I needed it because it was in line with my feminist principles to hear women’s stories from women. I needed it because my education had centred around famous books written by famous (mostly white) men. I needed it because I want to learn more about the African continent through the eyes of other African women like myself.

In our goodbyes in Uganda, I promised that I wasn’t going to read any fiction written by anyone except for African women for a year.

I began this project on 1 September 2014, and the official project will end on 31 August 2015. However, I know that after this year, I probably won’t need or want to read anything but African women’s fiction ever again.

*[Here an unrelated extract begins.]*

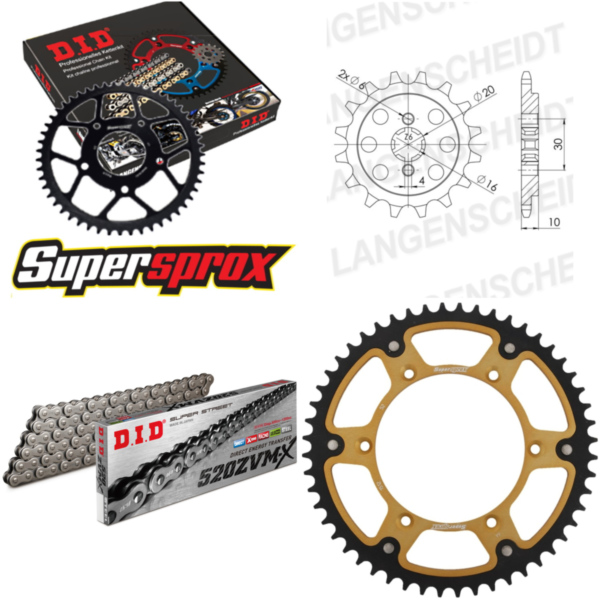 Kettensatz Stealth gold für: HUSQVARNA WR125 95-97/WRE125 13-52-114 DID520ZVM-X Niet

On this blog I’ll be posting reviews of African women’s fiction, profiling African women writers, and sharing opportunities for writing for women on the African continent. I’ll be sharing some of my writing and reflecting on how my writing practice is going. I also hope to provide a space for African women writers to connect, to share material, and to learn from one another. I might not post new content every day, but I hope I will post it often.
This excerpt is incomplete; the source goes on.